■ **MATERIAL PROVIDED**

---

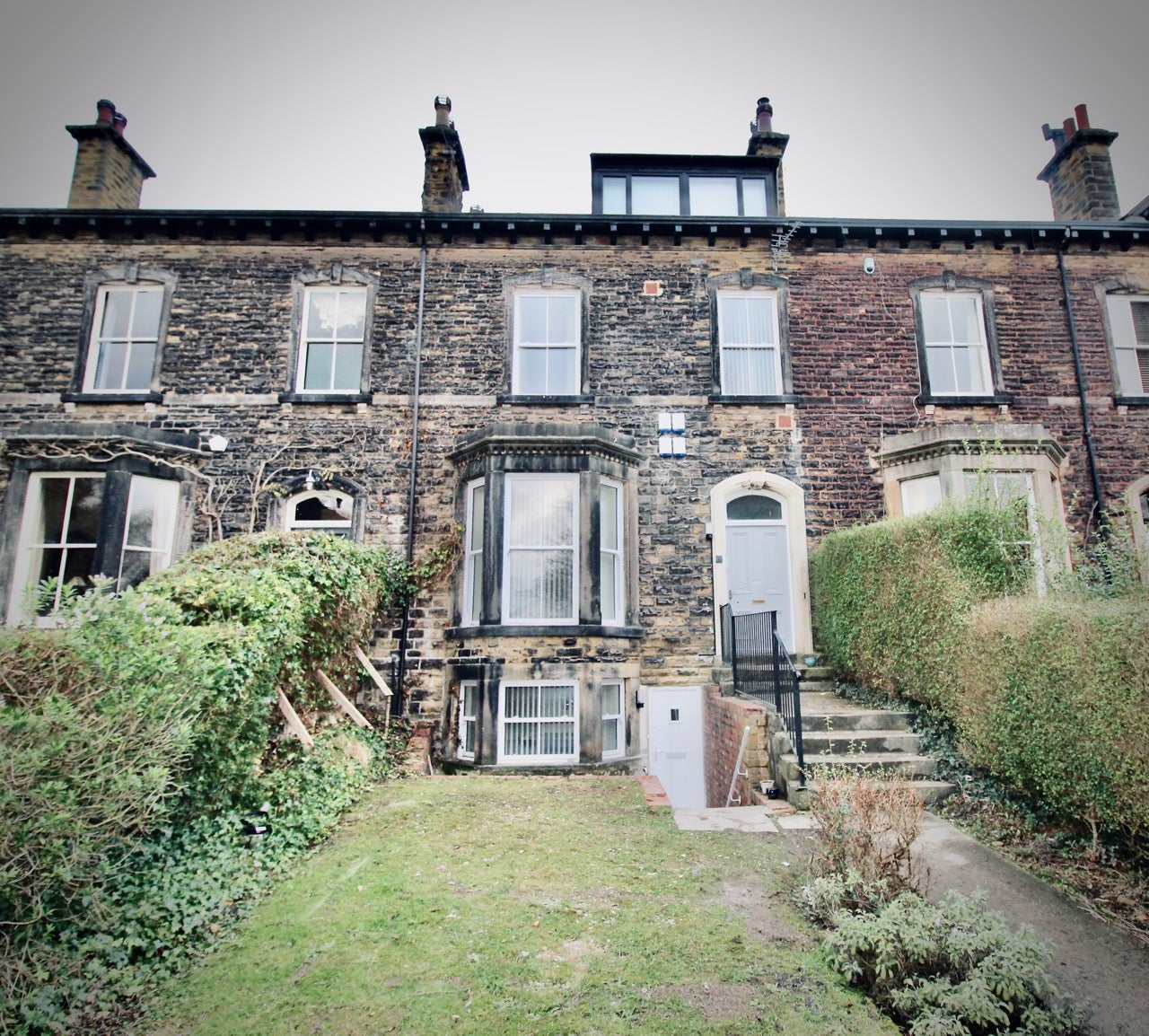 Flat Ashwood Terrace in Leeds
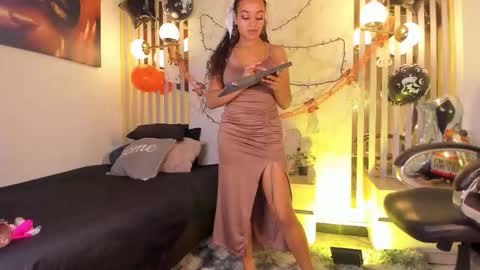 Snapshot of melaniegh_ chatting on October 18, 11:36 am Melanie online show from October 18, 11:36 am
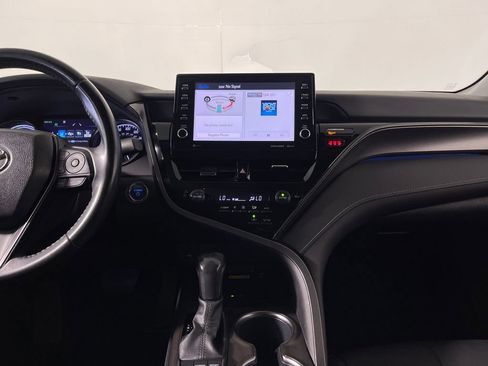 Certified 2022 Toyota Camry XSE FWD image 15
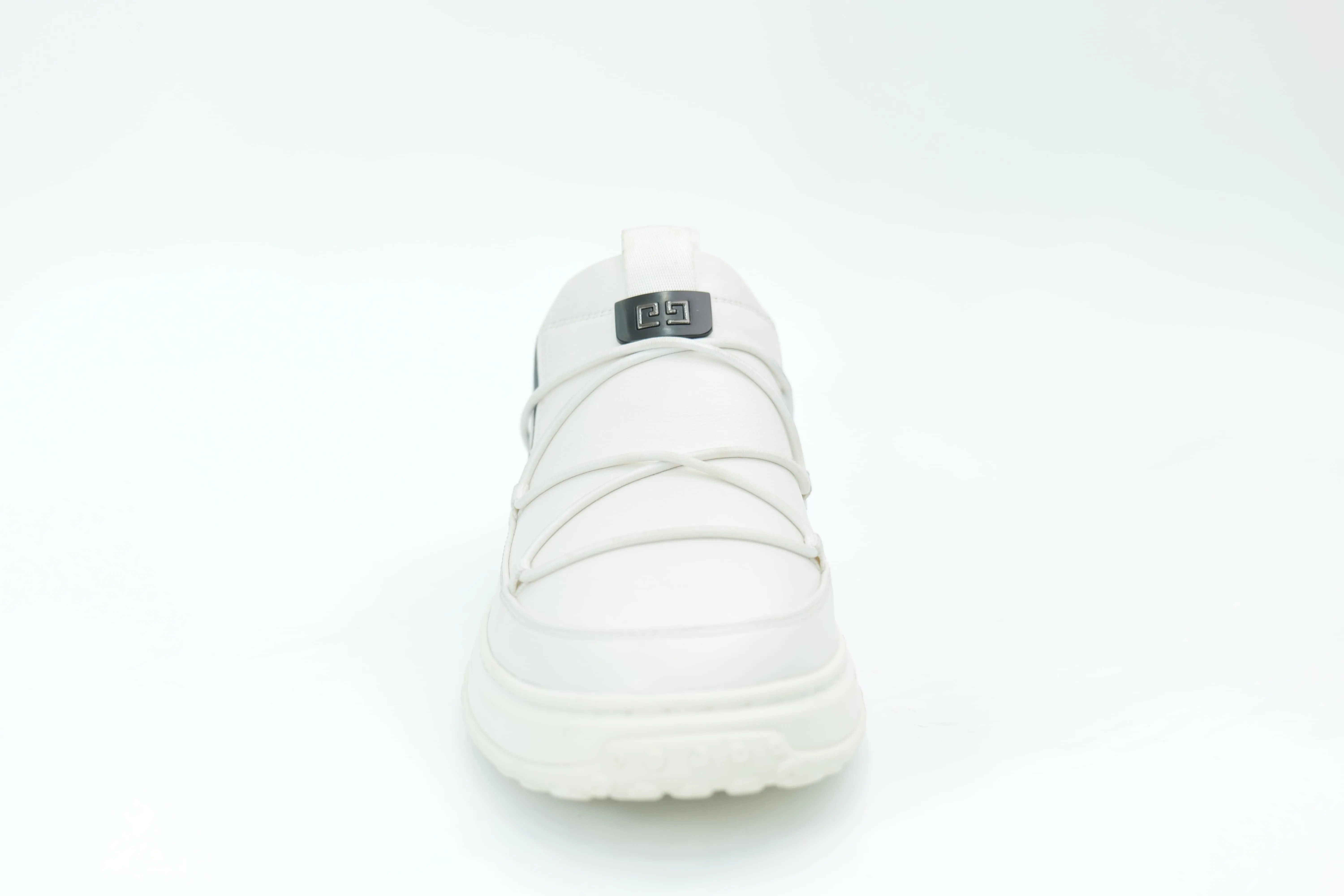 Casual shoes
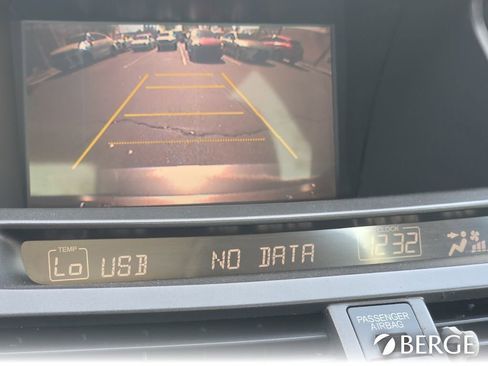 Used 2011 Honda Accord EX-L image 19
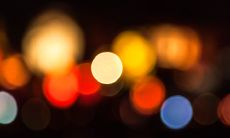 "在经历种种挫折和失意之后，我对人生深感失望，渴望找到门路重拾信心和希望"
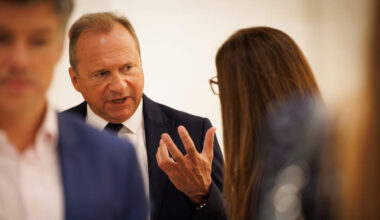 Finance Minister Gilles Roth speaks with Ainhoa Jáuregui, CEO of Cecabank, during a reception to mark the official opening of the bank’s branch in Luxembourg, 20 November 2025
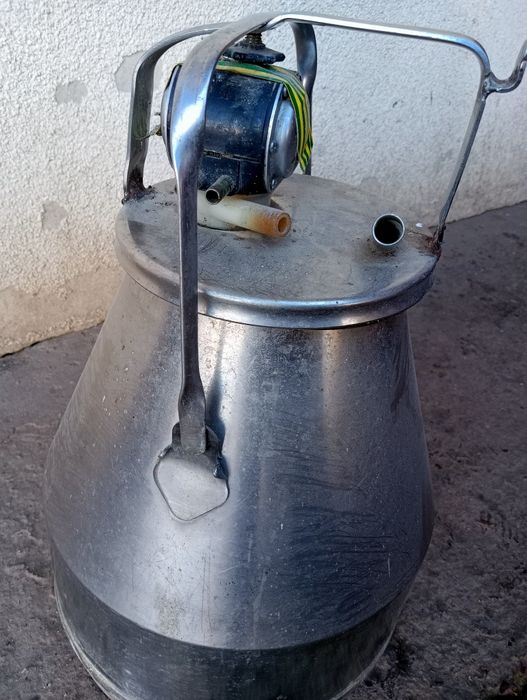 Продам доїльний апарат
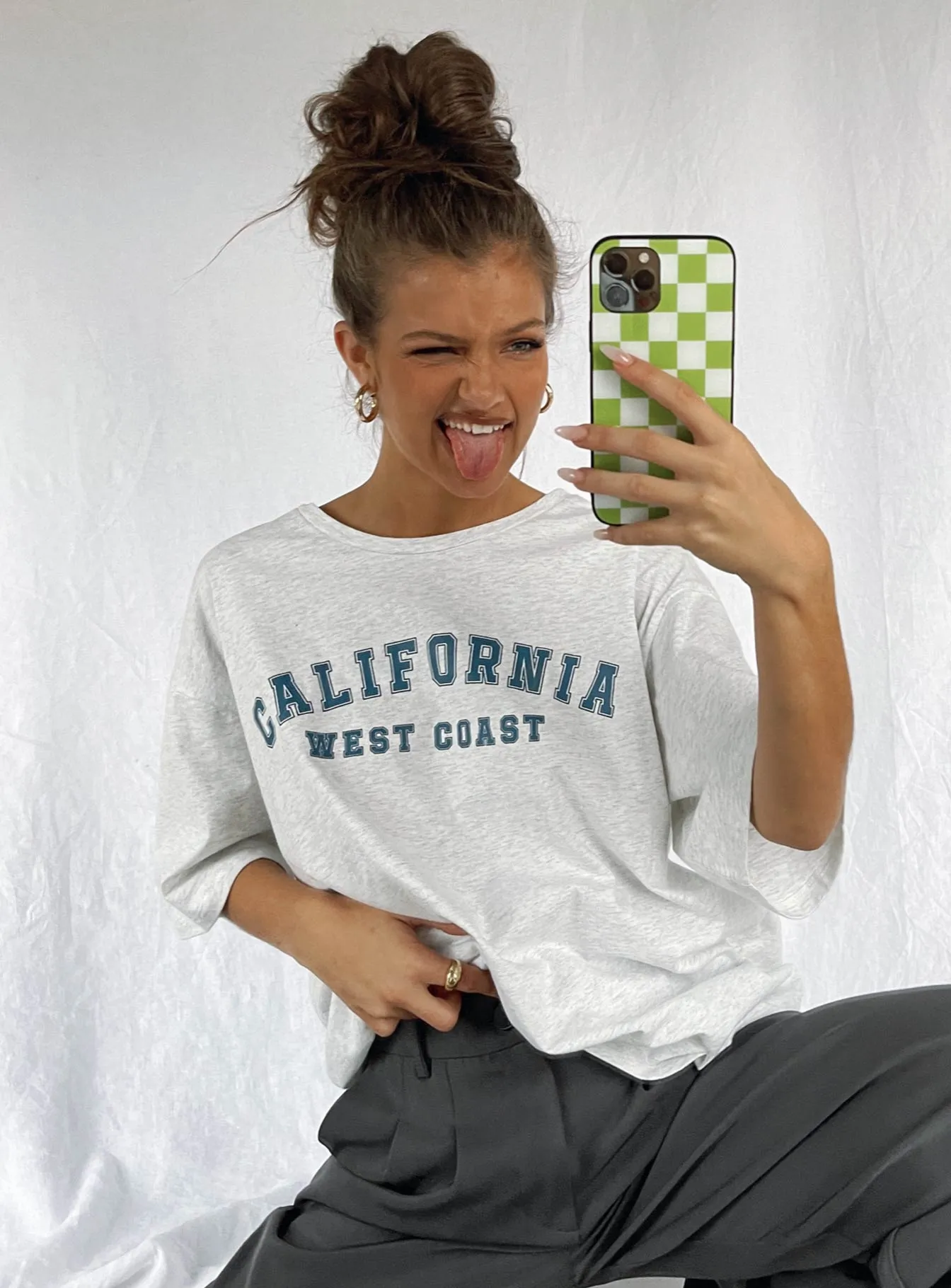 California Tee Grey Bold Style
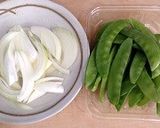 簡単☆絹さやとお麩の卵とじ作り方1写真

---

■ **WORK REQUIRED**
From the line with "Snapshot of melaniegh_" down to the end of the entries, retype each line exactly as written, but drop the pictures.

■ **RESULT FOR THIS EXERCISE**
 Snapshot of melaniegh_ chatting on October 18, 11:36 am Melanie online show from October 18, 11:36 am
 Certified 2022 Toyota Camry XSE FWD image 15
 Casual shoes
 Used 2011 Honda Accord EX-L image 19
 "在经历种种挫折和失意之后，我对人生深感失望，渴望找到门路重拾信心和希望"
 Finance Minister Gilles Roth speaks with Ainhoa Jáuregui, CEO of Cecabank, during a reception to mark the official opening of the bank’s branch in Luxembourg, 20 November 2025
 Продам доїльний апарат
 California Tee Grey Bold Style
 簡単☆絹さやとお麩の卵とじ作り方1写真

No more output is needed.